Kasihan Safir, sejak memutuskan hidup sendiri jadi tidak terurus. Harusnya pikiran Safir bisa diubah. Kalau saja lelaki ini tidak keras kepala dengan keputusannya. Lelaki paling keras kepala yang pernah dia kenal sejak dan pernah masuk dalam hatinya.

"Hm, kamu masih memantau dia, kak?!" Sebuah suara mengejutkan Kiara. Kesal, ditepuknya pundak Gemina keras.

"Jangan keras bicara seperti itu. Gimana kalau didengar orang?" Tegurnya.

"Tapi memang benar, kan?" Tebak Gemina mendesak.

"Nggak. Kebetulan lewat saja."

"Ya, ampun, kak! Kamu tuh nggak bisa nyembunyiin apapun dari aku, kak."

"Kata siapa nggak bisa. Jangan sok tahu, ah!"

"Alahai, kak. Kamu tuh masih sama kayak dulu, ya. Nggak bisa kalau nggak kepo."

"Sudah! Atau aku nggak mau bicara lagi dengan kamu, Gem!"

Gemina mengangkat dua jari menandakan peace. "Baiklah, kak. Gemina Anastasia berjanji tidak akan mengganggu kak Kiara Halmahera dengan bapak itu."

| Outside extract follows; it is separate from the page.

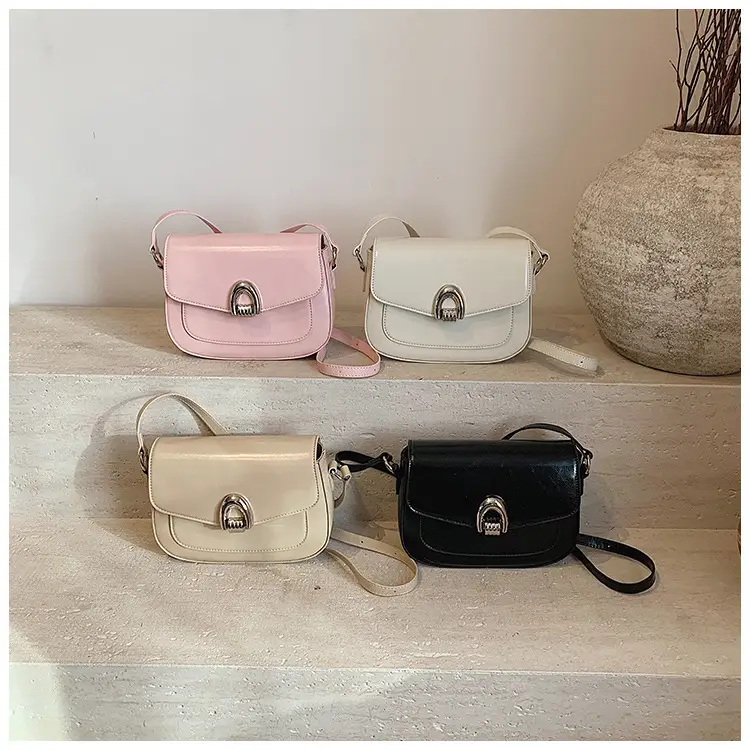 Black Leather Saddle Shoulder Bag for Women 2025 — feature 9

Kiara memalingkan wajah cepat. Seolah dia sedang marah dan tidak menyukai sikap Gemina. Sebelum berlalu, ia melirik sekali lagi ke dalam ruangan. Lelaki itu masih terlelap dalam posisi duduk. Ingin rasanya dia masuk dan menyelimuti paha hingga kakinya. Suhu pendingin ruangan bisa menyebabkan Safir pilek di musim panas seperti ini. Dia tidak bisa melakukan apa-apa selain melewatinya.

[^_^]

Dear Olivers,
Pernahkah kalian ke Aceh? Jika pernah, apa yang paling berkesan dari Aceh?

Oh, ya. Nama kampus ini fiktif, ya. Jangan diambil hati karena saya tidak memilih setting dengan kampus besar di Banda Aceh seperti UIN Ar-Raniry atau Universitas Syiah Kuala.